A new training recipe from ByteDance Seed and HKUST takes Qwen2.5-VL-7B from a 32K to a 128K-token context window on a continued-pretraining budget of just 5 billion tokens — about 2,900 H20 GPU-hours — and the resulting model, MMProLong, outscores open vision-language models four to five times its size on long-document understanding. The paper ("Training Long-Context Vision-Language Models Effectively with Generalization Beyond 128K Context," arXiv 2605.13831) lands as teams scramble to push multimodal models past single-document limits without retraining from scratch.
Q&A training beats OCR transcription
The central result is a data-design finding, not a new architecture. The authors compared two ways of continuing pretraining on long PDFs: OCR-style transcription (reproduce every page, or retrieve and transcribe a few pages among distractors) versus long-document visual question answering (extract a single fact, aggregate across pages, or reason numerically across the document). VQA won cleanly. The best VQA setup, extract-multi, reached a 56.90 average — a 6.3-point lift over the Qwen2.5-VL-7B baseline — while the strongest OCR variant, OCR-needle, managed only 52.44 (+1.9). The VQA-trained model also generalized better to unseen document formats and burned fewer tokens per image. As the authors frame it, query-based training teaches the model to prioritize relevance over completeness.
The numbers
On MMLongBench, MMProLong posted a 59.56% average at 64K (vs. 52.24% baseline) and 55.84% at 128K (vs. 48.94%) — roughly a 7-point gain. Component scores at 128K include SlideVQA at 77.00% (up from 68.00%) and LongDocURL at 56.33%. The recipe held up well past its training window with no extra training: 55.09% at 256K (baseline 38.12%) and 52.52% at 512K, where the baseline collapsed to 19.49%. Cross-task transfer was strong too — MM-NIAH jumped to 49.4 from 20.0.
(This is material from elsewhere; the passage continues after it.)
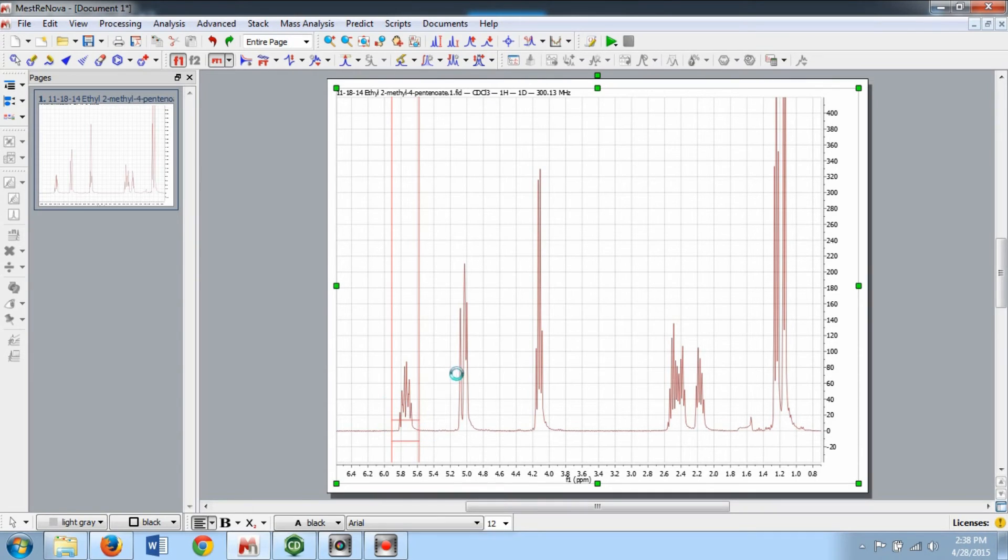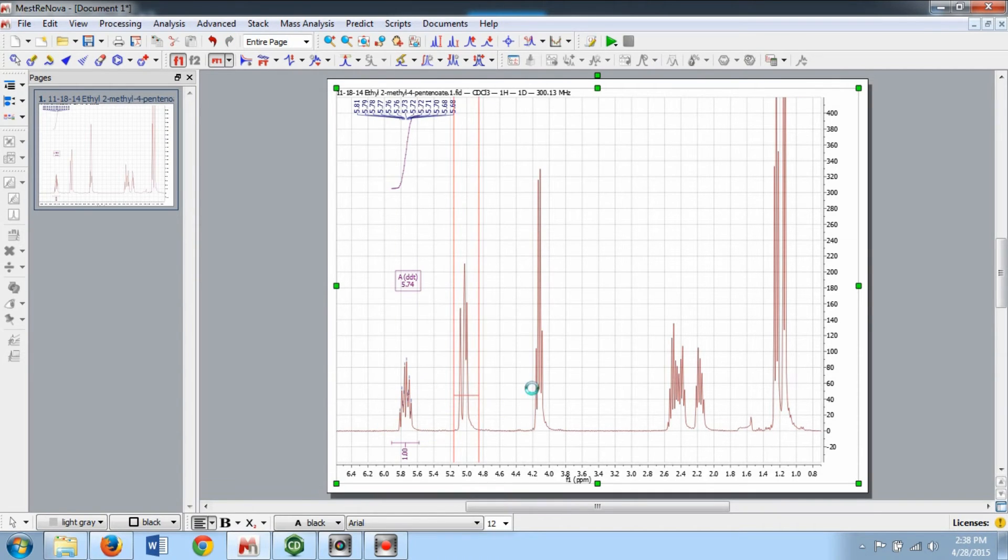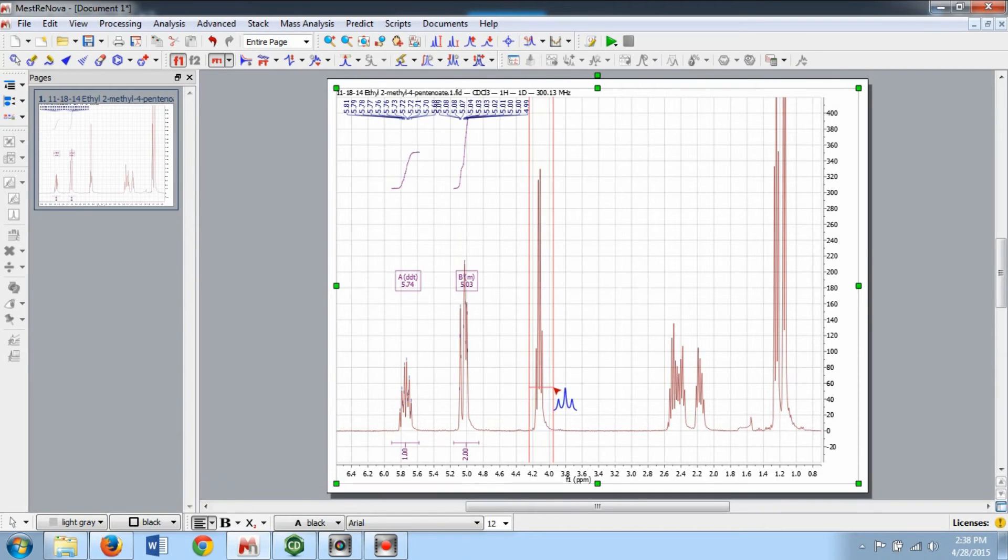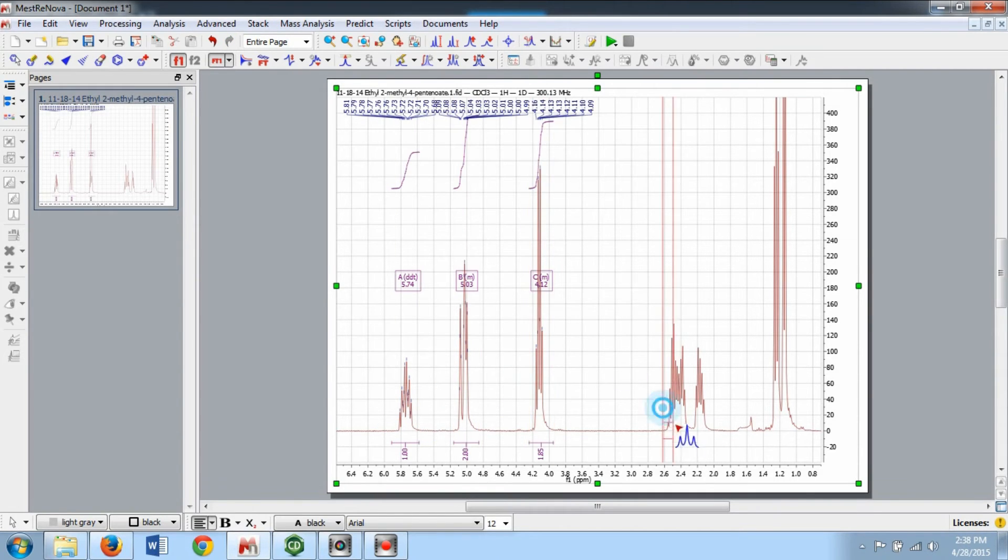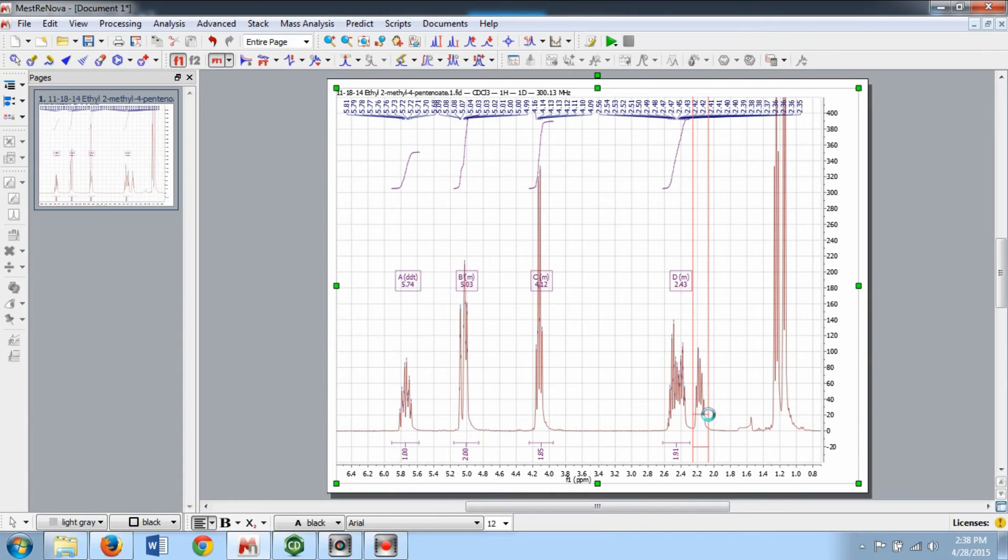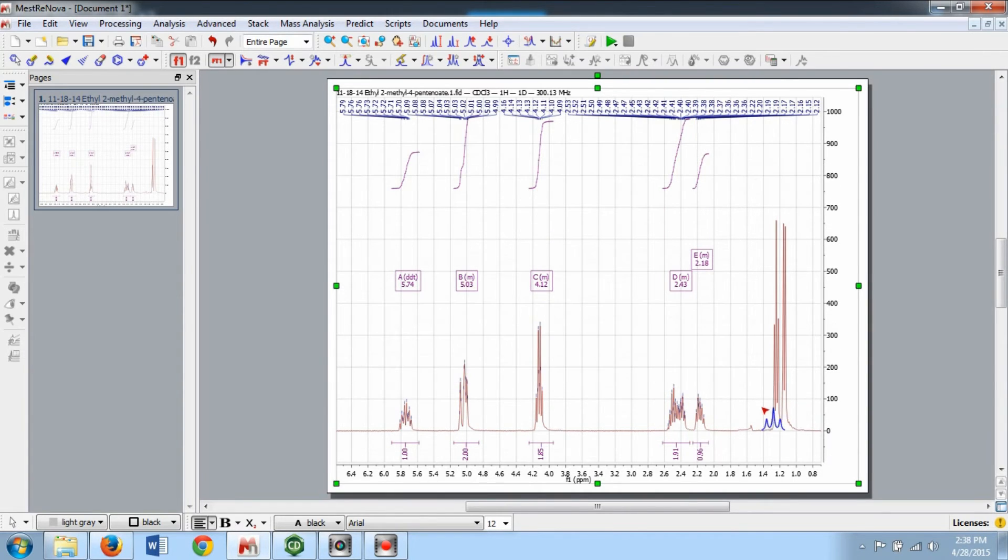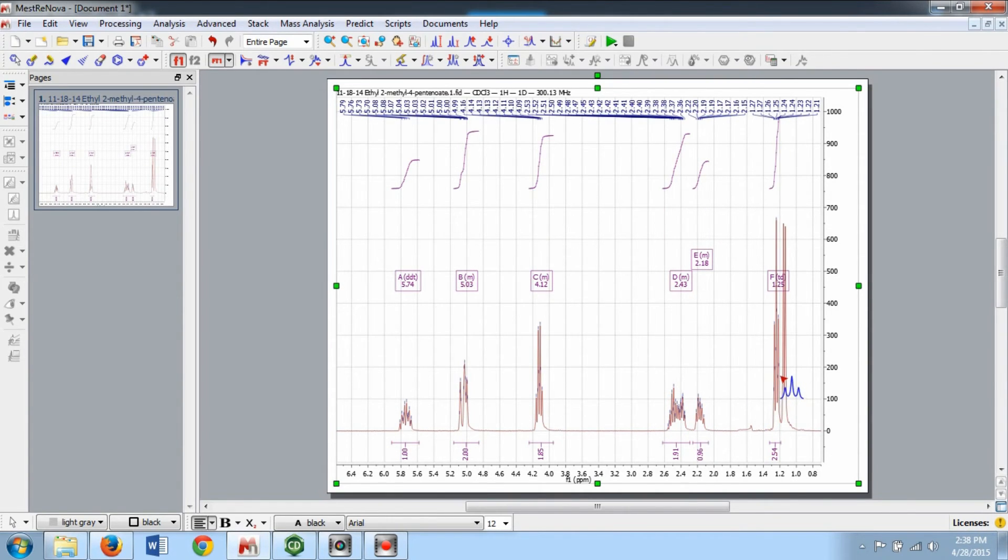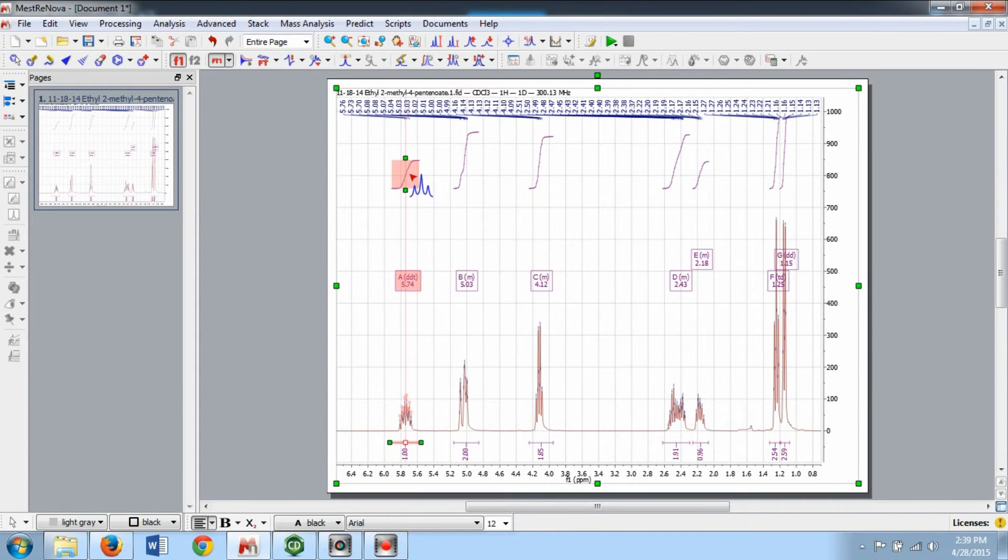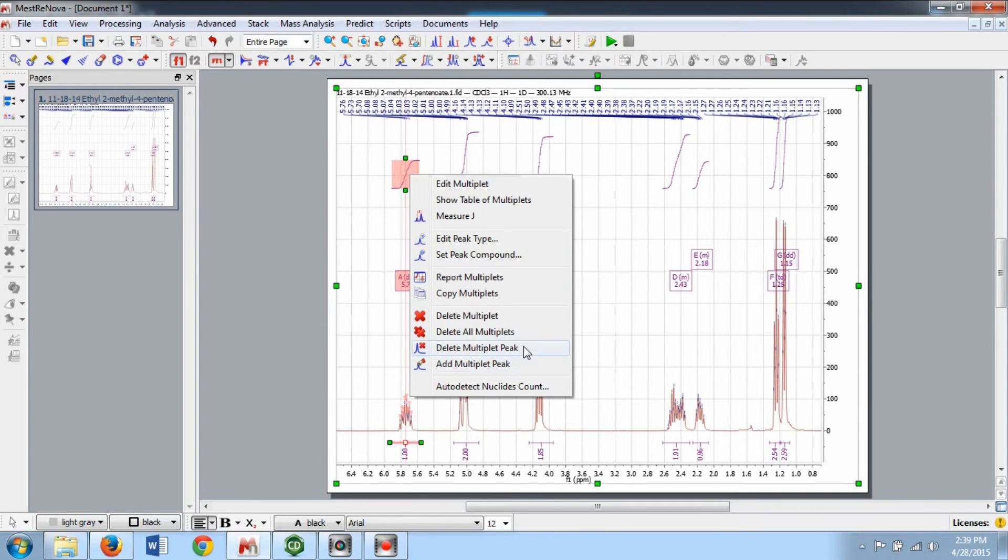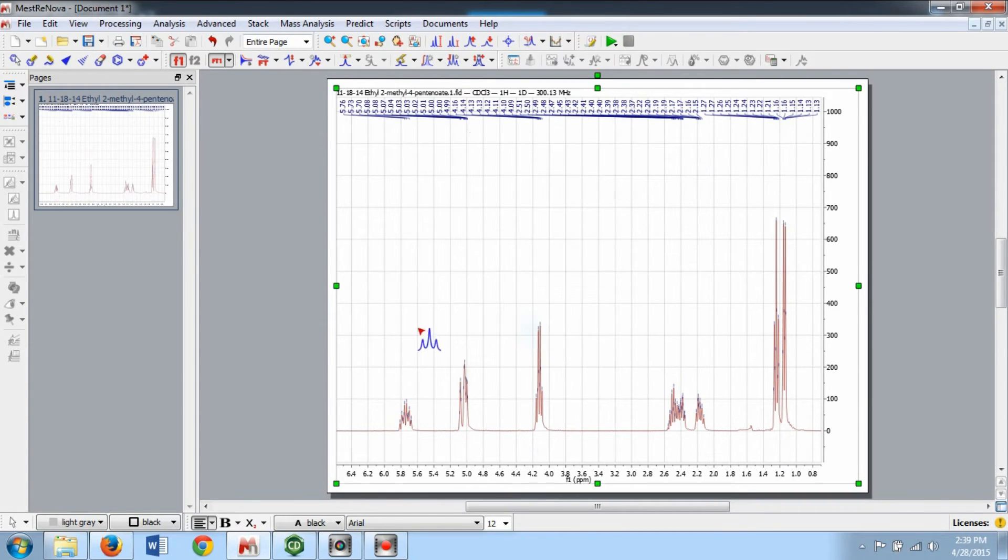Multiplicity can be determined with the Manual Selection mode in the Multiplet Analysis options. Using this mode, select the peaks you want to analyze, making sure that the peaks you want to analyze are above the red line. Alternatively, the Automatic Multiplet Analysis option will automatically analyze your spectrum. However, as previously mentioned, with the Automatic Analysis mode, you may analyze undesired peaks.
The training pool was deliberately large and varied: 1,537,504 PDFs spanning 20–200 pages (36.6M pages total, 96% English). The authors land on an 8:2 extraction-to-reasoning mixture (57.70 average) and show a balanced length distribution beats data skewed toward 128K. Crucially, pure long-document VQA preserves short-context skill — average dropped only from 66.47 to 65.48 with zero short-context data.
What changes for builders
For anyone shipping document AI, RAG over scanned filings, or multimodal agents, the takeaway is concrete: you can buy a 4x context extension and beat InternVL3-38B (48.88) and Gemma3-27B (52.63) with a 7B backbone for a few thousand GPU-hours — provided you train on synthetic Q&A rather than transcription. The recipe replicated on Qwen3-VL-8B, suggesting it ports across backbones. It won't catch closed frontier models like Gemini-3.1-Pro on aggregate, but for self-hosted long-document pipelines, the cost-to-capability math just shifted.